When the FARC killed yet another wealthy landowner
in the early1980s in a most brutal fashion by tying him to a post and torturing
him for hours before killing him, the birth of the right-wing paramilitary death
squads was on the horizon. The son of this wealthy landowner was Carlos
Castano. After finding his father’s body, Carlos Castano’s
rage and sorrow was the fuel for the fire that led to his organization of the
paramilitary death squads. Tired of the inept attempts by the government to
stop the violence perpetrated by the FARC and ELN, Castano began and is now
head of the AUC known in Colombia as the Auto Defensas or paras. The AUC
are about 11,000 strong.
In the countryside the violence already deeply rooted in
the culture culminated into a twisted psychological warfare of terror by all
armed groups. It was not enough just to kill your enemy. The ritual
of torture and rape in front of family members became an art. Severed
heads were left on pikes along the road. Women had their breasts cut off.

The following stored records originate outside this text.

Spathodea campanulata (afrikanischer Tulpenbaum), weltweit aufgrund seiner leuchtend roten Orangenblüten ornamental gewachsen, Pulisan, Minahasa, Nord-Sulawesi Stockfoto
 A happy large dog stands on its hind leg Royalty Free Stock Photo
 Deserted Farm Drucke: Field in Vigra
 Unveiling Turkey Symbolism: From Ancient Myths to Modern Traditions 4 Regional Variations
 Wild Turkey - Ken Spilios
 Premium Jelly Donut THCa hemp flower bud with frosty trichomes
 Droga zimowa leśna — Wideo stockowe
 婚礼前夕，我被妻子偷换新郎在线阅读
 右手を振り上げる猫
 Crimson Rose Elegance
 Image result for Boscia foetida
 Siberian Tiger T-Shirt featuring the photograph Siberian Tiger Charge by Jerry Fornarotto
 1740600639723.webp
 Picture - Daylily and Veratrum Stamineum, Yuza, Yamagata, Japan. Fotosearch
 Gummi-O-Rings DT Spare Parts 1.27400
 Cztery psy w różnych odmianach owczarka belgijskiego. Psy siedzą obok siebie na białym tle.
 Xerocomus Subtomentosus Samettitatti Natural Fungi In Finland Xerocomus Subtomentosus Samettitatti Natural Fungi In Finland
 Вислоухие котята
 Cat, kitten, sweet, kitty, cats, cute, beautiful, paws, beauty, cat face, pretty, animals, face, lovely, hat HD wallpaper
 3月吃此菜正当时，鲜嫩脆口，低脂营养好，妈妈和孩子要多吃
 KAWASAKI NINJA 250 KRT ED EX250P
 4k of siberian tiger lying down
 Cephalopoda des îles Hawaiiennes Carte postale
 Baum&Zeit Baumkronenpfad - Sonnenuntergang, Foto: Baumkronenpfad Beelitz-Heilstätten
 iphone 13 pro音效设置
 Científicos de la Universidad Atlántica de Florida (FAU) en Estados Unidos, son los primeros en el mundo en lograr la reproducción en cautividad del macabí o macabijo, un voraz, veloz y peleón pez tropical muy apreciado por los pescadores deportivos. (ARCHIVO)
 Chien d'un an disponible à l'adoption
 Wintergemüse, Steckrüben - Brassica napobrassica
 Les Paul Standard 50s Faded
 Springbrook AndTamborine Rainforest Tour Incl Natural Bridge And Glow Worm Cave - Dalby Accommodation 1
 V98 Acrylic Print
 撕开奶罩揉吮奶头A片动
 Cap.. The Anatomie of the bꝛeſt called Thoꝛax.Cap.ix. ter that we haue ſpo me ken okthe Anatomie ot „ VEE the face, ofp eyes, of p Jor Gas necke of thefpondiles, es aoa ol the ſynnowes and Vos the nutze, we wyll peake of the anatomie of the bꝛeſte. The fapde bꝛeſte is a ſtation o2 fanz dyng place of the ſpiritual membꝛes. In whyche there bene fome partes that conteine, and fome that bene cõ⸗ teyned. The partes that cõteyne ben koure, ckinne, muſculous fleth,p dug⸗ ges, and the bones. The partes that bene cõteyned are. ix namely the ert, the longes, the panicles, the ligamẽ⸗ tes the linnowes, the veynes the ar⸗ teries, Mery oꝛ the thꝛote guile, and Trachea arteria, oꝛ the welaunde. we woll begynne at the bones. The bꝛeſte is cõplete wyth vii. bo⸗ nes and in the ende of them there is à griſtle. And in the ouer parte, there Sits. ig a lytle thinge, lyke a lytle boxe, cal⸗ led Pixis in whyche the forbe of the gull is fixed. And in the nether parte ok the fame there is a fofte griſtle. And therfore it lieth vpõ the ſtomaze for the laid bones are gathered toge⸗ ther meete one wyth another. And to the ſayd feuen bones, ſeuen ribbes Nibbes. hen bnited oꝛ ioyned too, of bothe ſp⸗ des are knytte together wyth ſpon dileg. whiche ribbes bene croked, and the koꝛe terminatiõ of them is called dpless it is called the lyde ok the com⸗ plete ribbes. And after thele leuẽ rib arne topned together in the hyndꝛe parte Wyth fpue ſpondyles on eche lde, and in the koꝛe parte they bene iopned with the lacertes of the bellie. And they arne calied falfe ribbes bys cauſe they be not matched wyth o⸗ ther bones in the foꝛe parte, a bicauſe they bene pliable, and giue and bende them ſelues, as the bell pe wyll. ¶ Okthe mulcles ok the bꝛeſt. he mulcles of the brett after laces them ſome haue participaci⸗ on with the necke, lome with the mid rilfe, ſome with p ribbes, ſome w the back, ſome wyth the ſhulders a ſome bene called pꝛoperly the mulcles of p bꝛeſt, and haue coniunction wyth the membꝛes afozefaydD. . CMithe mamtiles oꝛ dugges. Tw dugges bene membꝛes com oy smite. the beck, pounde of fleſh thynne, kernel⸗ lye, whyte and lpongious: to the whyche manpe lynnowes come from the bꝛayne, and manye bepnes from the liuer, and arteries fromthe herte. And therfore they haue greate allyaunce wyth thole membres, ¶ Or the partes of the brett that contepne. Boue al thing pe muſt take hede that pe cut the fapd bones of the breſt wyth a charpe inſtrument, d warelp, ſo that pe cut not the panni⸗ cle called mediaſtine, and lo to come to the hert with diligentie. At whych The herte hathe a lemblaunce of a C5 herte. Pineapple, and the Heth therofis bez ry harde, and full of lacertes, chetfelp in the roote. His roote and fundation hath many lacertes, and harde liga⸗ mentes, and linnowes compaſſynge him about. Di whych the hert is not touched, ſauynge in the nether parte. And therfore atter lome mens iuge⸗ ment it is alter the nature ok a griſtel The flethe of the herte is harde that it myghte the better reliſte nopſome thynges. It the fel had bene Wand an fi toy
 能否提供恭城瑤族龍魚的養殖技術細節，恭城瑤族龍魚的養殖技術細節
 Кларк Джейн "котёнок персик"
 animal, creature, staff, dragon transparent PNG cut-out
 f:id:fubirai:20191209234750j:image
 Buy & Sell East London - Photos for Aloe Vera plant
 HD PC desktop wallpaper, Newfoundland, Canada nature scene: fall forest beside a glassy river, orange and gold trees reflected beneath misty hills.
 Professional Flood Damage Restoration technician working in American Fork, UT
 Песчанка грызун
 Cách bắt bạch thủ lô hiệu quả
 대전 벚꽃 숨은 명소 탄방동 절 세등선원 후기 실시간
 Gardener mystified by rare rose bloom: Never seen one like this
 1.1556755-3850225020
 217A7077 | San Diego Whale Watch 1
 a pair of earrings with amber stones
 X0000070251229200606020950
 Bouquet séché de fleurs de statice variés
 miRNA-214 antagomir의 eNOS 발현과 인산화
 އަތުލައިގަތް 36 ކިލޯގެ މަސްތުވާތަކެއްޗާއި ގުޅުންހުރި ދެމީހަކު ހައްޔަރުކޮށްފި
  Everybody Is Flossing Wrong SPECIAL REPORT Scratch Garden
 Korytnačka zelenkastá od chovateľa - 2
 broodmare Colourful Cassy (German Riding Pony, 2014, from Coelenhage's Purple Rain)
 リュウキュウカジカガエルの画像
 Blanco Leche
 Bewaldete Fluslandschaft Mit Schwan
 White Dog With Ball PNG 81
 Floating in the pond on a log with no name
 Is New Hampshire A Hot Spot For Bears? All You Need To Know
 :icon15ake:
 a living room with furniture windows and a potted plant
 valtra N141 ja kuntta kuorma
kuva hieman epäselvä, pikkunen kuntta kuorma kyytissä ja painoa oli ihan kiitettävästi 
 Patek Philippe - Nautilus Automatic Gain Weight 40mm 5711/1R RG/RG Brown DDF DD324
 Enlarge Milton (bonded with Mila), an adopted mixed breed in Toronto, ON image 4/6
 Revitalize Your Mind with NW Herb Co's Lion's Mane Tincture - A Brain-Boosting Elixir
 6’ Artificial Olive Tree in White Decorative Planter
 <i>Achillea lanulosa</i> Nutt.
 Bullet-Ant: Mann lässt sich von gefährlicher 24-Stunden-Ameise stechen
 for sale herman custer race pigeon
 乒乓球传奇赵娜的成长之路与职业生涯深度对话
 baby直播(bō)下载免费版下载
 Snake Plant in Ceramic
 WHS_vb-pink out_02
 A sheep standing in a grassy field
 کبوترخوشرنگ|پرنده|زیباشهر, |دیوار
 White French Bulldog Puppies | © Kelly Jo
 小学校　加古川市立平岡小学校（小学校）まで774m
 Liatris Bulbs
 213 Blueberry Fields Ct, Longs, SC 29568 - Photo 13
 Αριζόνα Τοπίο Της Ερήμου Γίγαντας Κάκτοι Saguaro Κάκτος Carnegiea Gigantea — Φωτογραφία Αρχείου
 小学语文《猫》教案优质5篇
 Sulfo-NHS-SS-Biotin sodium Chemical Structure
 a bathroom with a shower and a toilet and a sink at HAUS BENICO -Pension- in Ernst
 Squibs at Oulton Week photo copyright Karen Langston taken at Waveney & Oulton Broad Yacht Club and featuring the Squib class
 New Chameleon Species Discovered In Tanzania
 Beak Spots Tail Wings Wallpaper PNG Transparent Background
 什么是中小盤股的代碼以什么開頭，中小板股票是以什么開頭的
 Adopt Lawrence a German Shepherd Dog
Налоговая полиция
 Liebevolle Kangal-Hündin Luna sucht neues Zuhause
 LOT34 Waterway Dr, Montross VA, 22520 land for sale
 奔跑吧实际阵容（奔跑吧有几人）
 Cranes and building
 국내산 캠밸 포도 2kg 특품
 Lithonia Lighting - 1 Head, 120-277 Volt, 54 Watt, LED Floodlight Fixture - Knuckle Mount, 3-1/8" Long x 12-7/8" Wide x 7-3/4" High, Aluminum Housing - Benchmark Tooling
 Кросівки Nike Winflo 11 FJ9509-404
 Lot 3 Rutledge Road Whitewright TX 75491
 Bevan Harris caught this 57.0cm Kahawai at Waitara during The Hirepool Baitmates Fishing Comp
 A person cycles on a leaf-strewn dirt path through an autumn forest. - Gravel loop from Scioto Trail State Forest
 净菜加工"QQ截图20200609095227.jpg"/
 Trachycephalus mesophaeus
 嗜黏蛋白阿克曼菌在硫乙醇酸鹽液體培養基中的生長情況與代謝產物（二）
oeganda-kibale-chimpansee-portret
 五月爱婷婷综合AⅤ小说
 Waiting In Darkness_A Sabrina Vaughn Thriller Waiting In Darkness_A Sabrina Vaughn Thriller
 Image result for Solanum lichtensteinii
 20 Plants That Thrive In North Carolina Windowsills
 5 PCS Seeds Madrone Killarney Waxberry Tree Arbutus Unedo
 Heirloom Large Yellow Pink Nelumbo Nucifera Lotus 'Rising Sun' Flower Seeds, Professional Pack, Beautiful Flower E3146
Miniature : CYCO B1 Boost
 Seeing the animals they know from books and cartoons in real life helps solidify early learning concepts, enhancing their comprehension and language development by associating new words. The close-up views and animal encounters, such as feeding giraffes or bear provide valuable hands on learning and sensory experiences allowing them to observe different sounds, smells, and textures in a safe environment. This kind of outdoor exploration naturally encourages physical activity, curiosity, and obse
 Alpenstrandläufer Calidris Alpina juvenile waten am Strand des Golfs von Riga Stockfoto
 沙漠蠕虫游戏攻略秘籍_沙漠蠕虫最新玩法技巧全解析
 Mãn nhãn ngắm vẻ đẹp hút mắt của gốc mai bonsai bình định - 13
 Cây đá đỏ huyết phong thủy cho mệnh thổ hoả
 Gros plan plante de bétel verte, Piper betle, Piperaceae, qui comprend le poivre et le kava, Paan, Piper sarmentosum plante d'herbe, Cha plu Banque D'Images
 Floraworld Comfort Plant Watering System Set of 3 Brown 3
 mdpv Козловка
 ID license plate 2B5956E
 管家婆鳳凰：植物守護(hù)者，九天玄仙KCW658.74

Men had their genitals cut off and stuffed in their mouths. The right-wing
paramilitary death squads are responsible for 80 percent of the human rights
violations in the country at the present time.
Cocaine Wars
When the appetite for marijuana waned and cocaine became
the drug of choice in the United States, the cartels in Colombia took on a new
face. The reign of terror during the Pablo Escobar years was unprecedented.
Escobar brought the country to its knees. He hijacked and blew planes
up in mid air. With the growing demand for cocaine and his ability to
supply the drug there seemed no end to his power. When he was caught and
murdered after escaping a prison he built in 1992 other cartels in Medellin,
Cali, and Barranquilla took his place.
Eighty percent of the cocaine coming out of Colombia
is headed for the inner cities and yuppie urban centers in the United States.
U.S. consumption of cocaine financially supports the cartels. Furthermore,
the rebel groups and paramilitary death squads are also supported in their on
going war by U.S. consumption of cocaine. The “tax” they charge
the cartels for protection of their coca crops pays for the weapons and bombs
used on innocent civilians. Yet Clinton signed an aid package for $1.3
billion to fight the war on drugs. The result has been spraying campaigns
that are devastating to the environment. The primary focus of the aid
package is on the supply side of the problem rather than the demand.
By ignoring the demand side of the problem, some politicians and scholars feel
the billions of dollars in aid to be an exercise in futility. Not only
are farmers in neighboring countries cultivating coca crops, but the demand
has only increased with a reduction in the price of cocaine.